Squeegee Your Third Eye with Bill Hicks
Hicks grew up in a Southern Baptist family in the Houston suburbs and started doing stand-up at the age of 15. Since dying of pancreatic cancer in 1994 at the age of 32, Hicks has been lauded as one of the country’s best comics. In life, he was admired by other comedians and found some mainstream success, but never became a superstar.
He was one of the first to really discuss pointless insanity in the world and the banalities of life. While many comics make fun of politics and politicians, not many have punchlines that focus on how we are all one consciousness and that the purpose of life is love. How in order to be better people we need to “squeegee our third eye” that’s been covered up by the day to day.
In both his stand-up performances, and during interviews, he often criticized consumerism, superficiality, mediocrity and banality within the media and popular culture, describing them as oppressive tools of the ruling class, meant to “keep people stupid and apathetic.”

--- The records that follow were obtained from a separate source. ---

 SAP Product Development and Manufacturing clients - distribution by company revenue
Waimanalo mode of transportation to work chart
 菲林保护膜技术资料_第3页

Hicks stayed true to himself and stayed funny as he sometimes dealt with uncomfortable topics. He called himself Chomsky with dick jokes. His material had a tendency to rile up conservative audiences — he had his ankle broken and had a gun pointed at him on tour and his final appearance on The David Letterman Show was famously censored in 1994.

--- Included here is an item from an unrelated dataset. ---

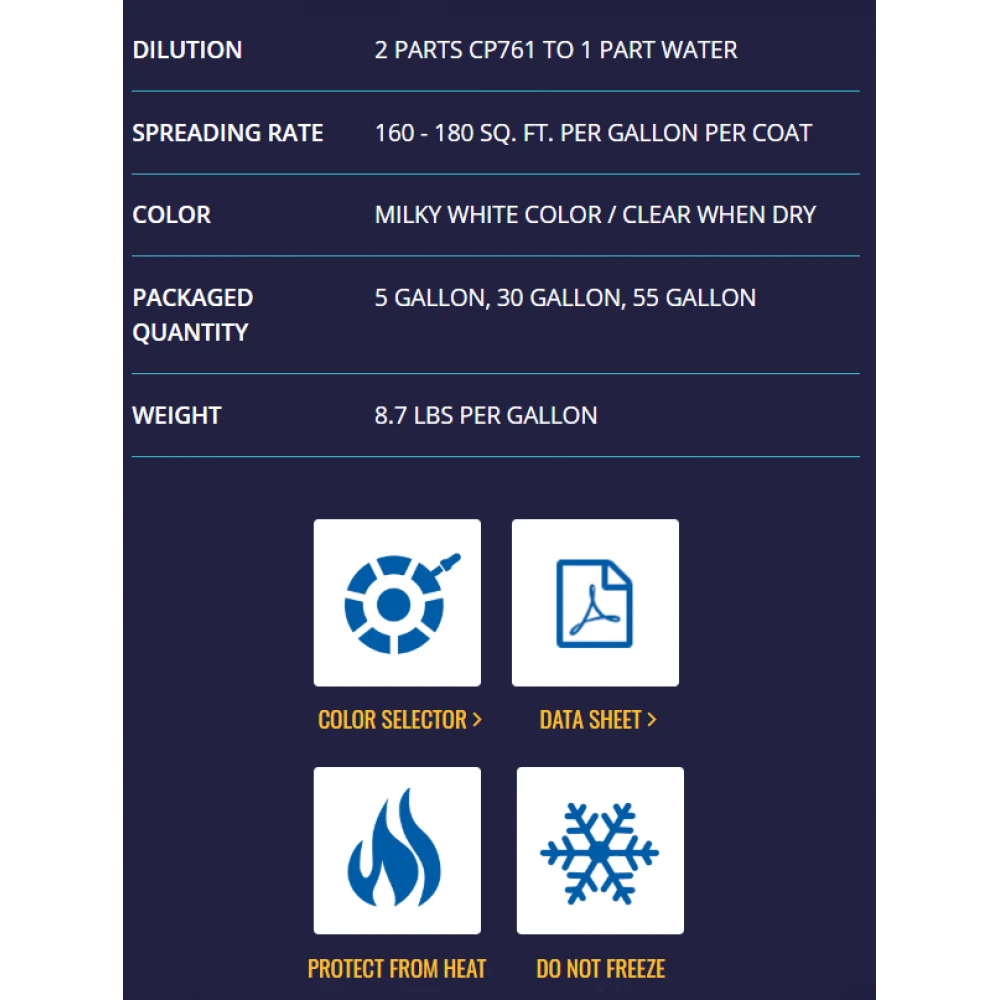 Nova CP761 Concrete Tennis Court Resurfacing Primer (5 Gallon Pail) 4 Nova CP761 Concrete Tennis Court Resurfacing Primer (5 Gallon Pail) - Image 2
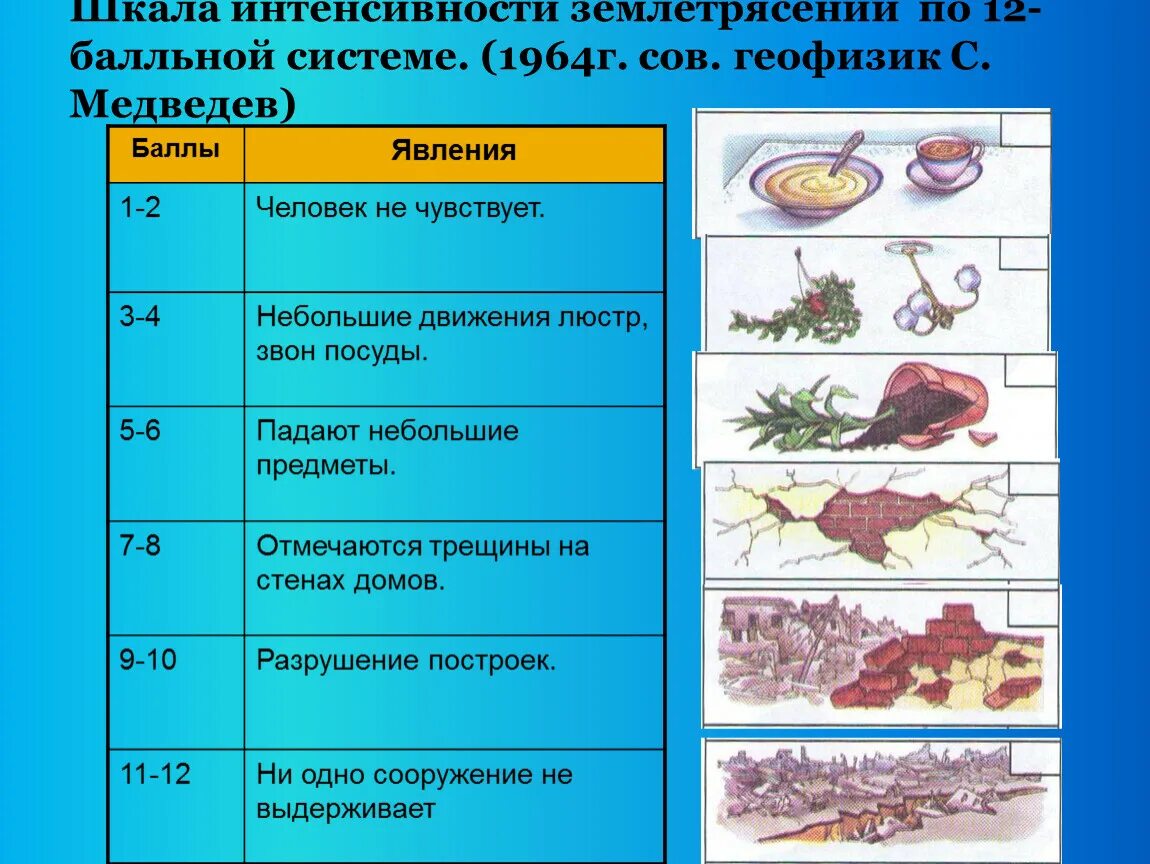 Балльная шкала землетрясения. Сила землетрясения по 12 бальной шкале Рихтера. Землетрясения по интенсивности. Землетрясение 12 баллов по шкале Рихтера. Шкала землетрясений по баллам.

A few memorable quotes from Mr. Bill Hicks on God, drugs, and Waffle House waitresses:
Why is marijuana against the law? It grows naturally on our planet, serves a thousand different functions, all of them positive. To make marijuana against the law is like saying that God made a mistake. Like on the seventh day God looked down, “There it is. My Creation; perfect and holy in all ways. Now I can rest. [Gives shocked expression] Oh, my Me! I left fuckin’ pot everywhere. I should never have smoked that joint on the third day. Hehe, that was the day I created the platypus. Hehe. But if I leave pot everywhere that’s gonna give people the impression they’re supposed to…use it. Now I have to create Republicans.” “…and God wept”, I believe is the next part of that story.
I was in a cab in New York. The cab had a sign, “Please do not smoke, Christ is our unseen guest.” This guy was reaching. I figure, if He could overcome being nailed to a cross, I don’t think a Marlboro Light’s gonna faze Him that much.

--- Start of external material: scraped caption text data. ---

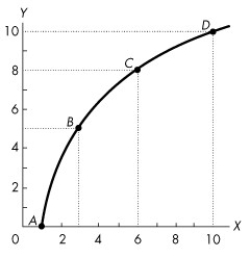 Use the figure below to answer the following questions.   Figure 1A.3.3 -Figure 1A.3.3 illustrates two variables,x and y,which are A) negatively related,with a decreasing slope as x increases. B) negatively related,with an increasing slope as x increases. C) positively related,with a decreasing slope as x increases. D) positively related,with an increasing slope as x increases. E) positively related,with slope first increasing then decreasing.
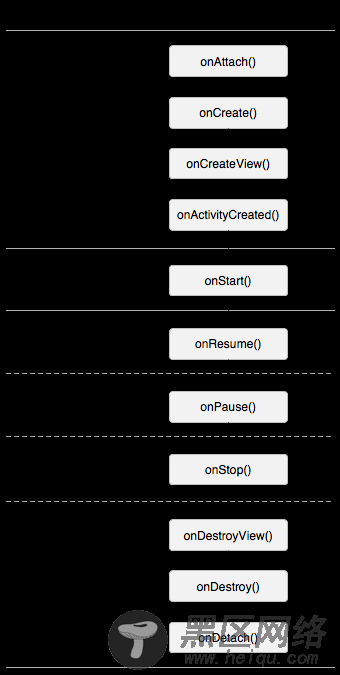 activity_fragment_lifecycle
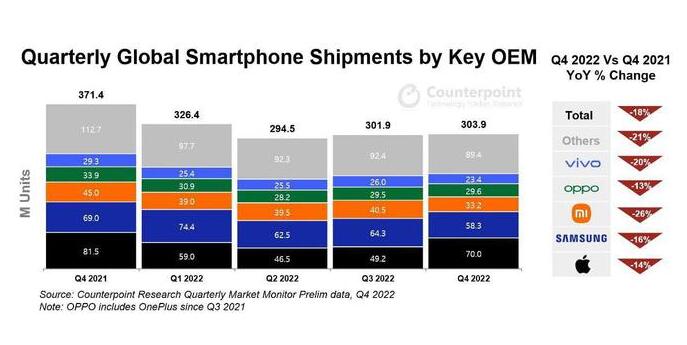 苹果2022年鲸吞了85%的全球智能手机利润 第四季度手机出货量为12亿台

I’m glad mushrooms are against the law, because I took them one time, and you know what happened to me? I laid in a field of green grass for four hours going, “My God! I love everything.” Yeah, now if that isn’t a hazard to our country … how are we gonna keep building nuclear weapons, you know what I mean? What’s gonna happen to the arms industry when we realize that we’re all one?!
“God put [dinosaur fossils] here to test our faith!” … I think God put you here to test my faith, dude. Does that bother anybody else, the idea that God might be fucking with our heads? I have trouble sleeping with that knowledge, some prankster god runnin’ around, [pantomimes digging] “We’ll see who believes in me now. I am the Prankster God — I am killing me!”
I was in Nashville, Tennessee, and after the show I went to a Waffle House. I’m not proud of it, but I was hungry. And I’m sitting there eating and reading a book…The waitress comes over to me like, [gum smacking] “What’chu readin’ for?” I had never been asked that. Not “What am I reading?”, but “What am I reading for?” Goddangit, you stumped me. Hmm, why do I read? I suppose I read for a lot of reasons, one of the main ones being so I don’t end up being a fucking waffle waitress.